:: Your goal ::
Below are the records; pull every line that includes "image".

* * * * * * *

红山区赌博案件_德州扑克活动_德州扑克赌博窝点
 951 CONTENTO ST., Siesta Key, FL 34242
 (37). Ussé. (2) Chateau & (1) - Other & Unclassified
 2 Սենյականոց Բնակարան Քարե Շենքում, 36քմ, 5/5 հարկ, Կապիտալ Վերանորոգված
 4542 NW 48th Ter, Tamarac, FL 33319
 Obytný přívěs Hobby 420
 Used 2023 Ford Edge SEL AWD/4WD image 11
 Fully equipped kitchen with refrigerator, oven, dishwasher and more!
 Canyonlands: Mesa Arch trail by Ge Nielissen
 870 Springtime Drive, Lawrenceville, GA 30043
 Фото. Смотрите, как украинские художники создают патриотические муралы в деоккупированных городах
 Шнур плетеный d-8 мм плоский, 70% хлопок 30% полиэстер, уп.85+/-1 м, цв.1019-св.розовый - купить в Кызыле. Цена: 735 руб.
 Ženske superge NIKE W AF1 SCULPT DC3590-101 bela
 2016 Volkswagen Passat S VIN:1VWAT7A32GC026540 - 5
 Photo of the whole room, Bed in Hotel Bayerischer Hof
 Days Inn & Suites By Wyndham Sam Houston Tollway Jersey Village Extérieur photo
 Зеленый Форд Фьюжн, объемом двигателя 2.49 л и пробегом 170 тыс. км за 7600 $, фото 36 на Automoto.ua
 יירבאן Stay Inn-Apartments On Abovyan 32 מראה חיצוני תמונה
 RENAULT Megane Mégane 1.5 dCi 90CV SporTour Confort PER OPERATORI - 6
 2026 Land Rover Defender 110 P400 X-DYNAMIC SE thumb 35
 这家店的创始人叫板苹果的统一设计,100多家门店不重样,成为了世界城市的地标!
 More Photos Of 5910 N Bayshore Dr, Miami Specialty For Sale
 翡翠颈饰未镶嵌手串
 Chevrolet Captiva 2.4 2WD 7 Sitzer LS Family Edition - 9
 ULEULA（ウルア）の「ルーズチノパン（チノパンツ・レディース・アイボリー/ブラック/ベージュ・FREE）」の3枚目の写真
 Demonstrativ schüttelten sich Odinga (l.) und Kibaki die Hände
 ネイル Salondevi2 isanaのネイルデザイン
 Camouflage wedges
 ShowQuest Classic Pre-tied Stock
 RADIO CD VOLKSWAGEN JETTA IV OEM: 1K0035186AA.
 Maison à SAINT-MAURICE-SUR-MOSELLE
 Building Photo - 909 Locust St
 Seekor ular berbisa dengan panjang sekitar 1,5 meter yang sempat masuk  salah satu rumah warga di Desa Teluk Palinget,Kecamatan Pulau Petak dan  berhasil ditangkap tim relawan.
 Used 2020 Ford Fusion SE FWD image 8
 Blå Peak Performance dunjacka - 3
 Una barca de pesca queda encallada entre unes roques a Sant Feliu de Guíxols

* * * * * * *

:: Answer to this exercise ::
 Used 2023 Ford Edge SEL AWD/4WD image 11
 Used 2020 Ford Fusion SE FWD image 8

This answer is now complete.